Holy Crime, crime of clergy, clergical crime, Ecclesiastical crime, spritual,purity, inocent, Iran, Iranian, Persia, Persian Culture, Art, History Land and People, Poetry, religion, Organizations and directories,Daneshjoo, Nothing but Iran


World watched, USA approved, Khomeini killed, Khatami smiled, Khameni ordered in cold blood


Holy Crime, crime of clergy, Ecclesiastical crime,

menu 1
menu 2
menu 3
menu 4
menu 5
menu 6
menu 7
menu 8
menu 9
menu 10
menu 11
 
Select click, browse
Categories above contains criminal scene, viewers discretion is advised. Submenu are opened for your convenience

If you encountered any broken link (s) or errors messages, please e-mail us with the link address or error message.

Views and Comments (multiple pages)

 

























Mass Execution in December 2006         

SMCCDI (Information Service)
Dec 20, 2006, 20:53

The Islamic regime's official media have reported the executions, since Monday, of twelve men hanged for "rape", "murder" and "bombing".

Six of the sentences were carried, on Wednesday, at the infamous Evin jail located in Tehran; Three of them, on Tuesday, in the southern city of Ahwaz and the three other, on Monday, in the southern city of Rafsanjan.
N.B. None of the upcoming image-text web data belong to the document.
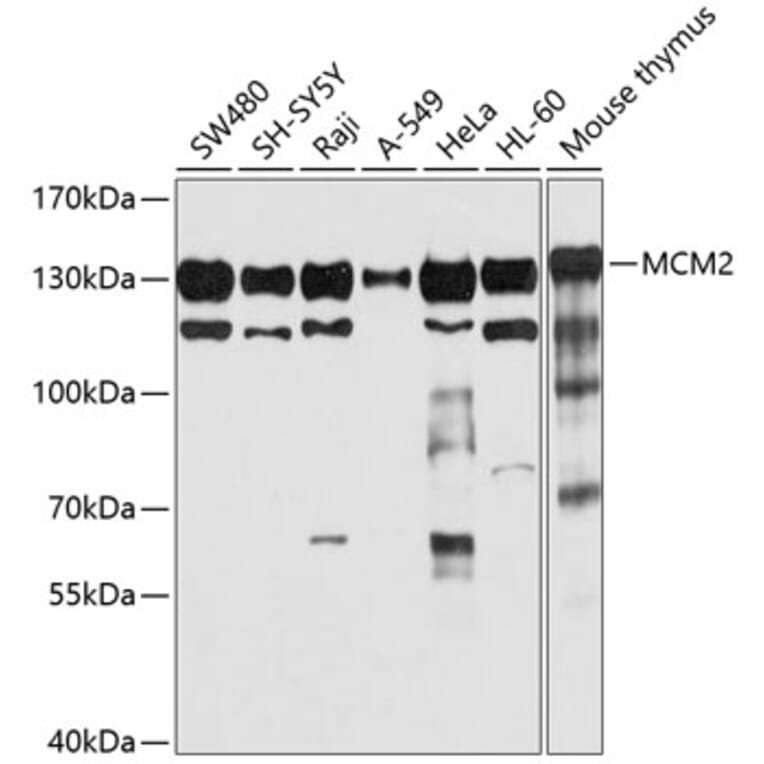 Western Blot - Anti-MCM2 Antibody (A12998) - Antibodies.com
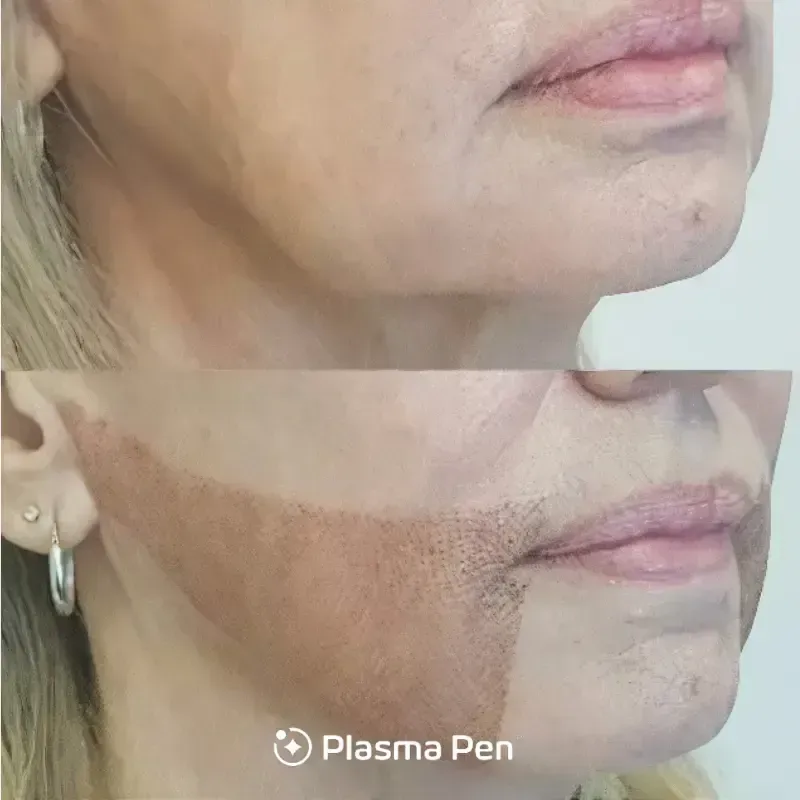 Non-surgical rhinoplasty image background image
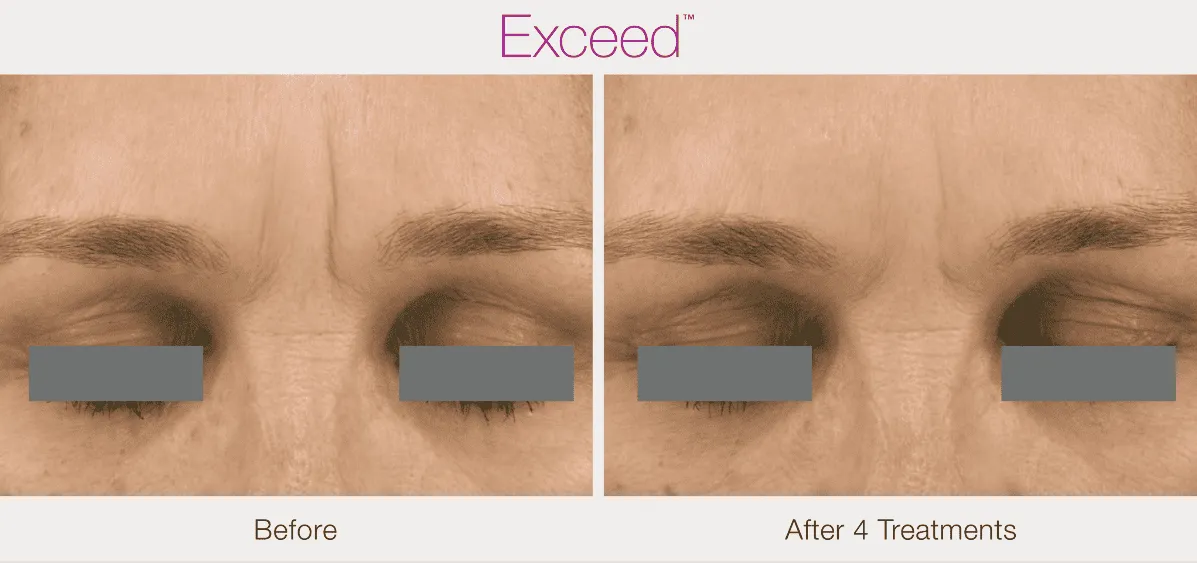 Exceed-microneedling-before-after-Before-&-After-by-Diamond-Advanced-Aesthetics-in-New-York-NY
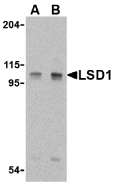 KDM1A / LSD1 Antibody - Western blot of P815 cell lysate with KDM1A (LSD1) antibody at (A) 1 and (B) 2 ug/ml.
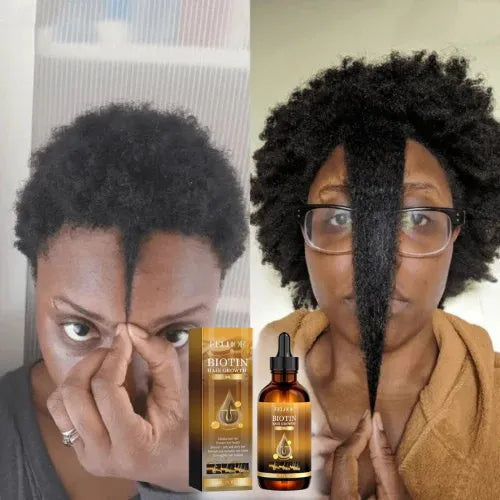 Biotin Hair Growth Oil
Several of these executions took place in public.

This week's row of executions bring to thirty, the number of death sentences carried in the last thirty days alone.

The theocratic regime uses labels, such as, "Rape", "Murder", "Drug Trafficking", "Spying" or "Terrorism" in order to eliminate any hard opposition as it uses public executions in order to increase the popular fear in an effort to extend its illegitimate rule..

Courtesy of: SMCCDI


Iran said to have executed Arab trio for 'waging war on God'

MICHAEL THEODOULOU
IRAN is said to have defied international pleas for clemency and hanged three ethnic Arabs convicted of "waging war on God".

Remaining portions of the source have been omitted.